Economic Freedom of the World Index evaluates countries on five main parameters. Our performance is extremely poor in International Trade. Being an Island located in one of the main maritime routes, we have been ranked 146 out of 165 countries which really reflects our constant policy flaws over the years. Our inward looking anti-trade bias policies have brought Sri Lanka to where it is today. 

Our ranking is equally bad in Regulation. Our score is 6.9 out of 10 and our rank is 110. Sri Lanka has too many regulations for micro, small, and medium enterprises and a fairly large licensing system. In fact, in the inaugural 72nd speech on Independence Day, the President pledged to remove unnecessary regulation. He appointed a deregulation commission headed by Lalith Weerathunga and Krishan Balendran, and we are awaiting the implementation of the recommendations. 

Soundness of Money is another important parameter evaluated by the Economic Freedom of the World Index. This considers the standard deviation of inflation and how strong the currency will be. So, the property in cash form will not be diluted over sudden currency depreciation. Sri Lanka ranks 103 with a score of  8.2 on this measure. The above numbers are from 2019 when we had single digit inflation. Now our year-on-year (YoY) headline inflation is 14% and food inflation is 25%. Therefore, on a sound money front our ranking obviously cannot be performing well. 

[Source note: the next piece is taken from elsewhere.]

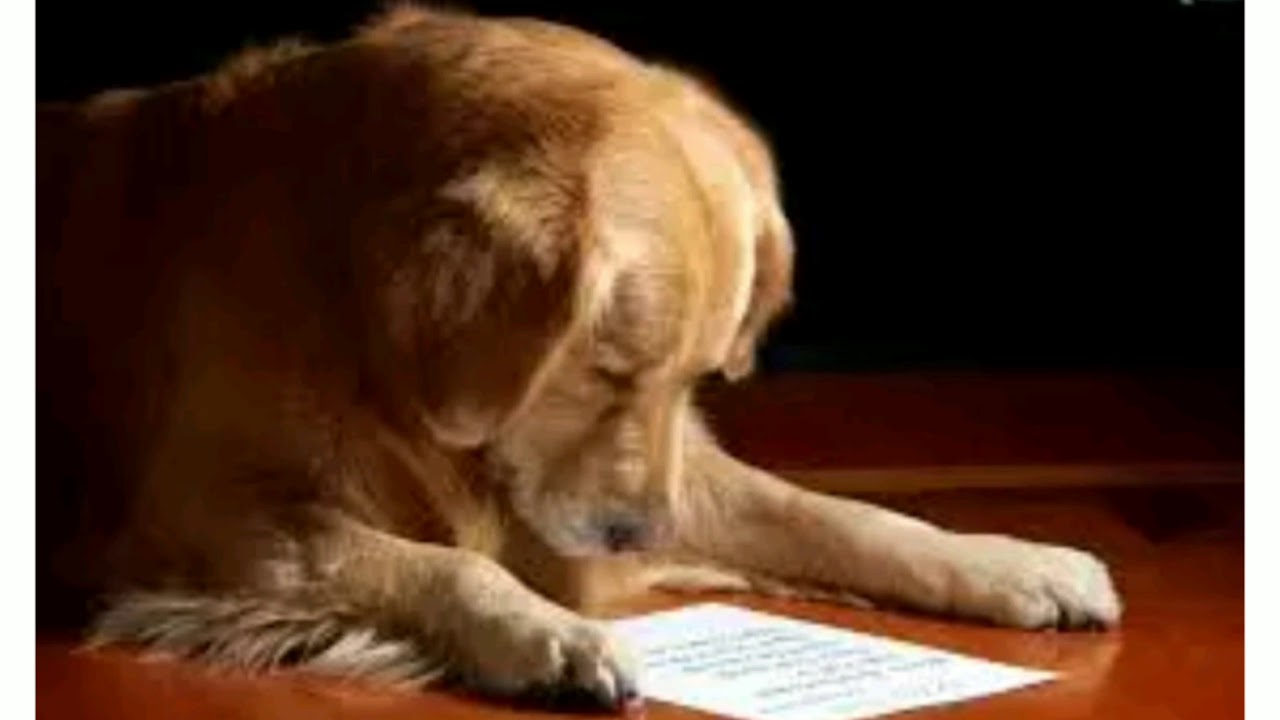 descansa dedicatorias frases despedida perro fallecido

In the pillar of Legal System and Property Rights our ranking is 85th out of 165 countries with a  score of 5.1. This is an area we need urgent attention, and some reforms such as digitising our judiciary system is commendable. However, we have a lot to improve, especially regarding the time taken to resolve a case. As the Minister of Justice once said, an average criminal case takes about 10 years and a land case takes more than 20 years, which is a serious bottleneck in our investment system. Investors impart extra attention in doing their due diligence on matters of the judiciary system, as rule of law and independence of the judiciary are one of the fundamentals of democracy. 

On the pillar of Size of the Government as per 2019 data we were doing reasonably well. We ranked 17th out of 165 countries with a score of 8.28. However, our scores seem to be skewed due to low taxes and not actually because the size of our government is limited. We have 1.5 million State workers and in most of the industries State Owned Enterprises have a fairly large footprint with government intervention. 

Ultimately, after celebrating independence for 74 years, our economic freedom is deteriorating overall. Most Sri Lankans apply for visas and make attempts to get permanent residency in countries that are economically free. Hong Kong, Singapore, New Zealand, Switzerland, Australia, the US, and Denmark are the countries at the top of the list. Rather than blaming Sri Lankans who plan to migrate permanently, we should focus on changing our policies to become a country with more economic freedom, and ensure that the same Sri Lankans who are looking to leave as well as others around the world will find Sri Lanka an attractive place to live and work. 

As Jawaharlal Nehru responded to the old gentleman on freedom in 1947, if we start our reforms and bring economic freedom to Sri Lanka, our leaders too can tell our youth and boast of how they made Sri lanka an economically attractive country. 

Reference:

https://www.cbsl.gov.lk/sites/default/files/cbslweb_documents/press/pr/press_20220131_inflation_in_january_2022_ccpi_e.pdf

The opinions expressed are the author’s own views. They may not necessarily reflect the views of the Advocata Institute or anyone affiliated with the institute.